Karl Tack: Nein, denn Mehrweg-Glas wird sich dauerhaft behaupten. Bei Mineralwasser gibt es eine hohe Affinität zu Glas, und wir haben in Deutschland 220 Brunnen und eine regionale Struktur wie weltweit in keinem anderen Land. Darum wird das Gebinde in der Region weiter bestehen. Wir haben das Tal der Tränen bereits durchschritten und wachsen in diesem Bereich wieder. Das Mehrwegsystem ist auch nachweislich nachhaltig, so lange es regional betrieben wird. Überregional ist es der letzte Stumpfsinn.

Marcus Macioszek: Der Gesamtmarkt ist heute schon recht einweglastig. Allerdings beobachten wir im Qualitätssegment, dass 40 Prozent der Konsumenten Mehrweg-Käufer sind, weitere 20 Prozent setzen auf beide Systeme. Jedes Gebinde hat seine Funktion. Das gilt auch für kastengebundene Mehrwegsysteme. Wir investieren auch weiter in Glas und PET, beispielsweise mit einem Individualgebinde im modernen, leichten 6er-Kasten.

Heiner Bevers: Wir werden ein breites Sortimentsportfolio bekommen, das stark verwendungsgetrieben ist.

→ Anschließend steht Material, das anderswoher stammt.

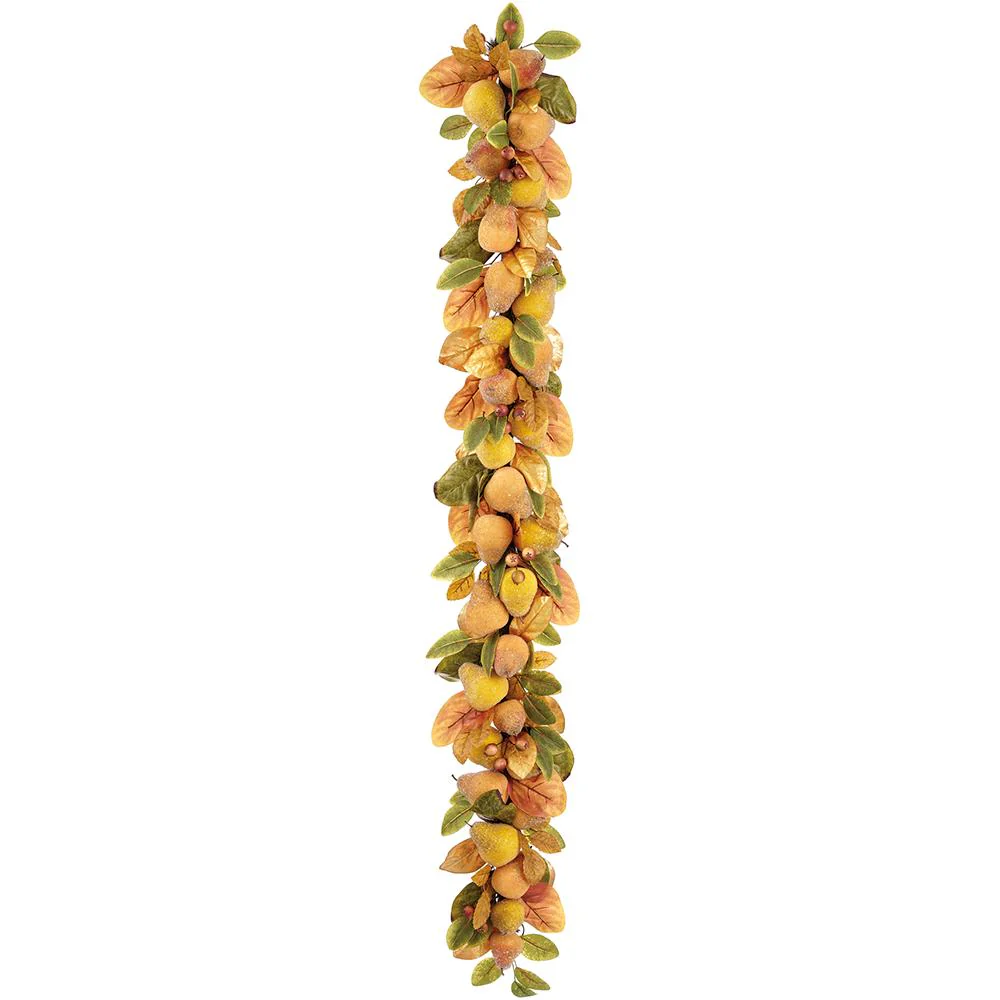 Beaded Pear/Berry Garland, 6' (Brown/Yellow)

Jedes Segment wird seinen Markt suchen, das gilt auch für die Kiste. Im Vergleich zu anderen Märkten haben wir hier ein unübliches Konsumvolumen. Die Kiste hat eine Vorratsfunktion und somit Vorteile für Handel, Hersteller und Konsumenten. Und was im Keller steht, wird auch getrunken. Das kann ich aus eigener Erfahrung als Vater von zwei Jungen bestätigen.

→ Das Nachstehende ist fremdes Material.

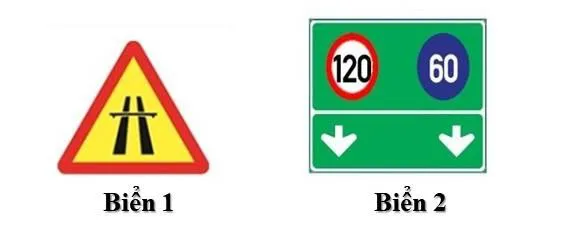 Biển nào dưới đây chỉ dẫn bắt đầu đường cao tốc phân làn đường có tốc độ khác nhau?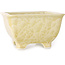 Maceta cuadrada beige para bonsái de Heian Kosen - 133 x 133 x 80 mm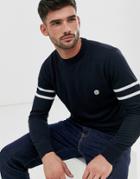 Le Breve Lightweight Knitted Sweater With Arm Stripe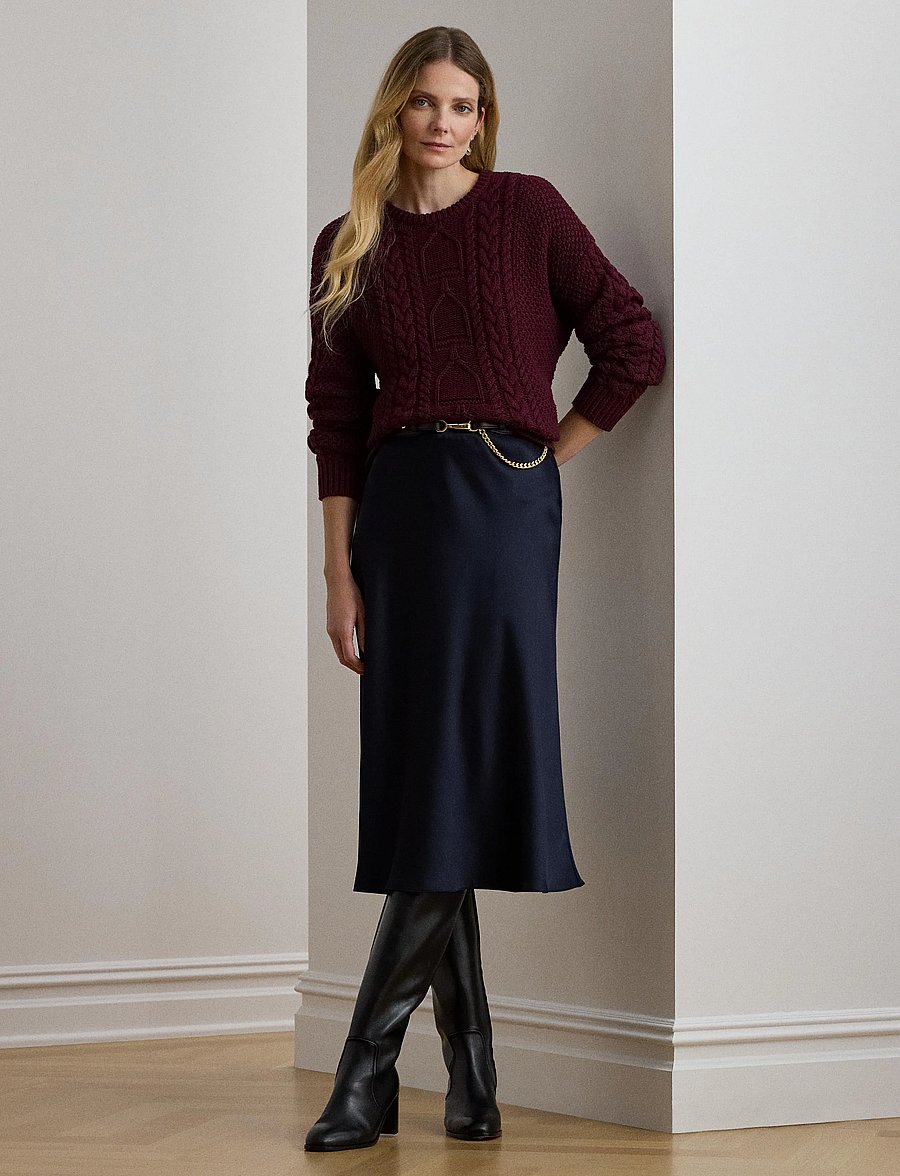 Lauren Ralph Lauren - Satin Charmeuse Midi Skirt - lauren navy - 5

Schluss mit den Ideologischen Grabenkämpfen!
Wofgang Hinkel, Ball Metall

Wolfgang Hinkel: Regional bleibt Mehrweg wichtig und richtig, aber über weite Distanzen hat Einweg klare ökologische Vorteile. Abseits dieser ideologischen Debatte wird aber der Konsument entscheiden: Da spielt auch die soziodemographische Entwicklung eine Rolle. Wir werden mehr ältere Menschen haben, welche diese schweren Glas-Kisten eben nicht mehr schleppen wollen oder können.

Michael Glück: Dem Kunden ist die ideologische Debatte weitgehend egal. Den interessiert es nicht, ob die Flache geschreddert wird oder durchläuft. Und wir bieten alles an, egal ob es Glas, PET oder Tetra Pak ist. Tendenziell beobachten wir drei Käufer-Gruppen: Die markentreuen Käufer, die Glas-Käufer und die Preissensiblen, denen Verpackung und Marke eigentlich egal sind, Hauptsache billig.

Was halten Sie von einem stärkeren gesetzlichen ‧Einfluss?
Karl Tack: Die Diskussion um eine bessere Kennzeichnung zeigt: Die ideologische Debatte ist noch nicht vorbei. Man möchte Einweg nach wie vor diffamieren. Was mir daran nicht passt: Ich müsste auf meine Zweiweg-Flaschen Einweg schreiben, was faktisch nicht richtig ist. Wir hätten uns schon damals die staatliche Einflussnahme mit dem Einwegpfand nicht bieten lassen dürfen. Da waren die selbst ernannten Gutmenschen an vorderster Front. Die haben massiv in die freie Marktwirtschaft eingegriffen.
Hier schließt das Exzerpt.